In Alabama, the ACLU, SPLC, and their comrades finally beat the state into submission, forcing it into a settlement that voids portions of the immigration law passed in 2011. The triumphant NYT editorial had a fitting headline: “Alabama Surrenders.” Perhaps most important for the open-borders groups, the state will pay them $350,000 in attorney’s fees and costs — great work if you can get it.

At the same time, some states are following in John Calhoun’s footsteps, passing legislation to subvert federal law. Governor Moonbeam in California has signed a bill establishing a special illegal-alien driver’s license and a measure restricting local police from handing over arrested illegal aliens to federal authorities. Eric Holder hasn’t announced whether he’s planning to sue the state. And FAIR has a new report out detailing the sanctuary policies in 103 local jurisdictions around the country designed to shield illegal aliens from law enforcement.

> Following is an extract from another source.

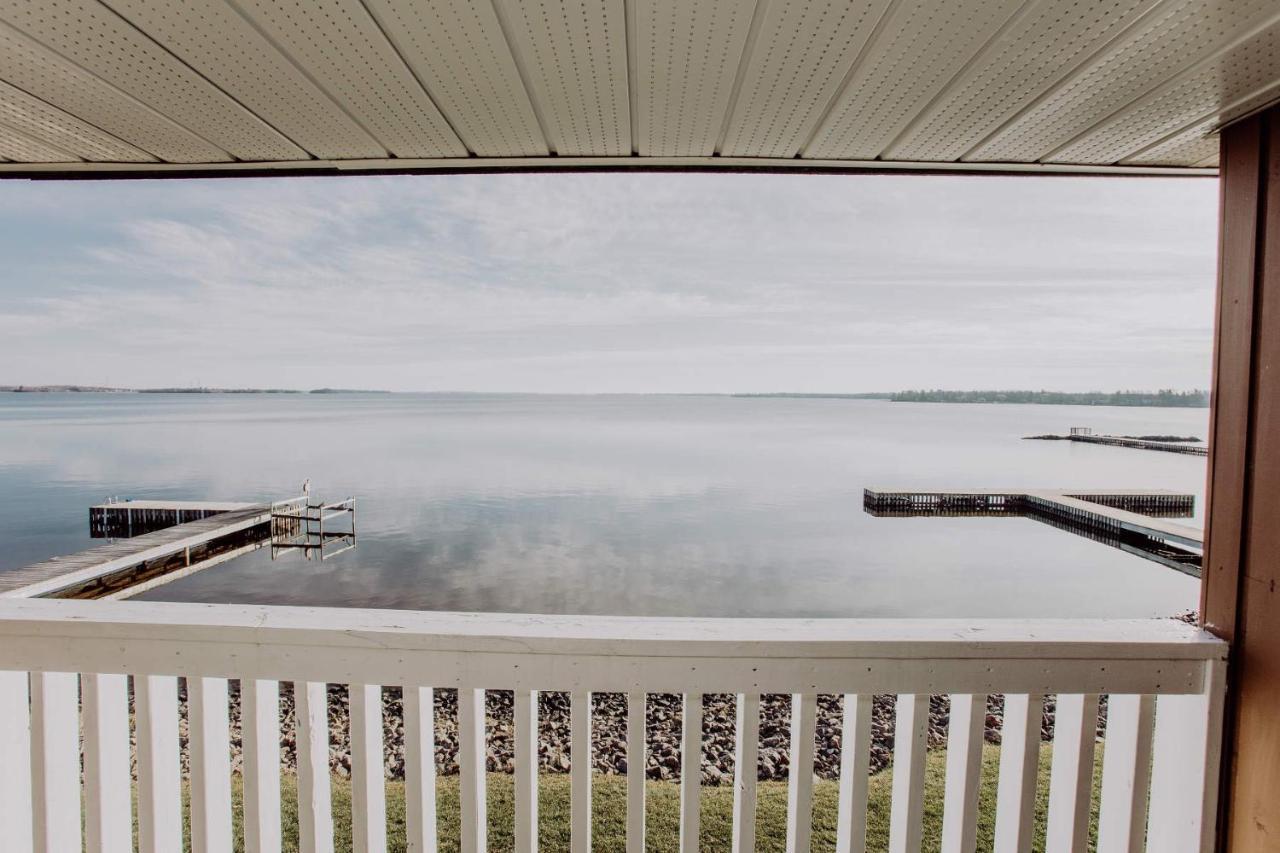 La Place Rendez-Vous Hotel Fort Frances Extérieur photo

The open-borders lawsuits against Alabama, Arizona, and other states were based on preemption — the claim that Congress, with its plenary power over immigration, had determined what things were permissible to states, and that these states had gone beyond those limits. The courts erred in deciding where Congress had drawn the line, but the existence of such a line is indisputable. (That’s why the anti-enforcement crowd is categorically opposed to the SAFE Act, passed by the House Judiciary Committee — it would, among other things, clarify where the line is and explicitily give states more latitude.)

But if there are things states are preempted from doing in support of federal immigration law, there are also things states are barred from doing to undermine that law. Specifically, California’s Trust Act, the one prohibiting local police from cooperating with ICE in many circumstances, is clearly illegal. An administration that was committed to the constitutional requirement to “take Care that the Laws be faithfully executed” would not only be informing California of its intent to file a lawsuit, but would also be threatening to cut off law enforcement funding and to deny the state access to the National Crime Information Center database. But I guess the president didn’t know about that part of his oath of office.